X. Mi papá siempre se olvidaba de los cumpleaños. El mío no era una excepción -¿por qué lo sería?-. Luego de varios años de pretender que de mi cumpleaños sí se acordara, luego de enojarme algún tiempo por eso, supe que ese signo de amor que yo esperaba de él y que él no me daba, no podía hacerse absoluto. Dejar mi capricho de lado, dejar de pedirle eso que él no tenía, dejar de pedirle ser la excepción, dejar de pedirle que fuera el padre que yo imaginaba, me posibilitó experimentar por fin todo su amor, el que sí tenía, el que sí había. Cumplo años el 29 de enero. Cada 28 lo llamaba para recordárselo y así, el 29, recibía el tan esperado llamado. Nos reíamos del artificio, mientras nos disponíamos al juego. Y es que el análisis también hace de los padres, padres posibles.

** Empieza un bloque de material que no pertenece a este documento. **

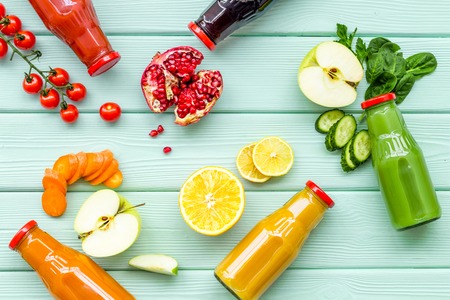 vegetable and fruit juice in bottles for diet drink on green wooden background top view mock upの写真素材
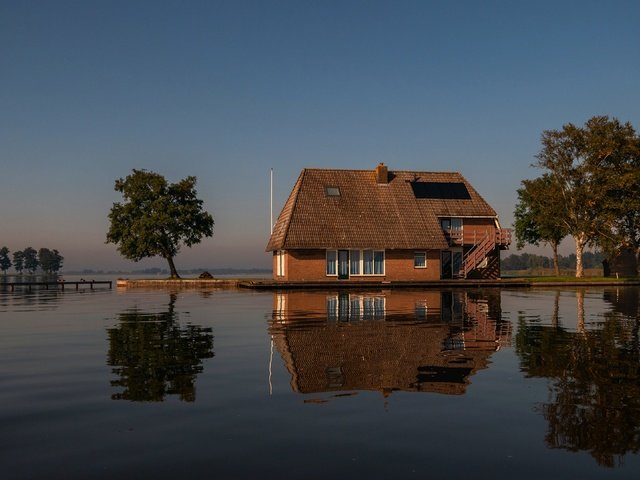 Обои небо, деревья, вода, отражение, водоем, дом, домик, крыша, водная гладь, water surface, the sky, trees, water, reflection, pond, house, roof разрешение 3840x2160 Загрузить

XI. No sé qué es un padre. El psicoanálisis ensaya algunas respuestas. Pero no sé para qué sirven, supongo que para detener la pregunta por un rato. En la experiencia de cada uno de nosotros, un padre es lo que hacemos con él, un padre se va escribiendo entre las adjetivaciones esperables: ausente, presente, amable, terrible, caído, potente, soberbio, abandónico, irresponsable, blando, autoritario, fallado, irremplazable. Un padre nunca está a la altura de su función, por suerte. Un padre que no se sabe y, aún así, se narra. Porque un padre, parafraseando a Richard Ford, es una otredad que siempre se escapa.